Posted Friday, February 7, 2014 by Andrew Charles Huff

Most of us have been in that situation before…we are driving down the road and suddenly we see flashing lights in our mirror. Next is the sinking feeling in the pit of our stomach as we look for a place to pull over and hope our vehicle registration is current. But when this happens, our men or women in blue must have a reason to light you up and assert this authority. And we know what they are…speeding, expired tabs or other infraction, or something more serious like Reckless Driving.
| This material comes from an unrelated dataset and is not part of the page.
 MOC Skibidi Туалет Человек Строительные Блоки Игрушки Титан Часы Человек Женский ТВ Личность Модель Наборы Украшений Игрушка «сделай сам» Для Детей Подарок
Officers regulate traffic, advise motorists of hazards, investigate crime scenes, make arrests, anything else that is within the course of their duties as a law enforcement officer. But as agents of the State, police officers’ actions are governed in part by the US and Washington State Constitutions. Any action or restriction imposed upon us by law enforcement must be reasonable and constitutional.
We have a right as citizens to be free from unreasonable search and seizure. “Unreasonable” has been held to mean without “probable cause” or a legal basis to conduct a stop. For example, a police officer can stop you for speeding and write you a ticket. A police officer can stop a driver if he observes signs of intoxication while driving. A police officer cannot, however, stop a driver to simply check and make sure all is well. Officer Jones cannot pull one over for no other reason but to see “if” the driver “might” be showing signs of impairment.

Other jurisdictions that have tried these “DUI roadblocks” have run into constitutional challenges. A federal appeals court recently halted a sweeping set of changes to the New York Police Department’s practice of stopping and frisking people on the street, and in strikingly personal terms, criticized the trial judge’s conduct and removed her from the case.

Any discussion of trying to implement such “check points” in our state must always be met with absolute resistance. Our freedoms and privacies we currently enjoy must be protected, even simply driving down the street minding our own business. Once we give those up, we might never get them back.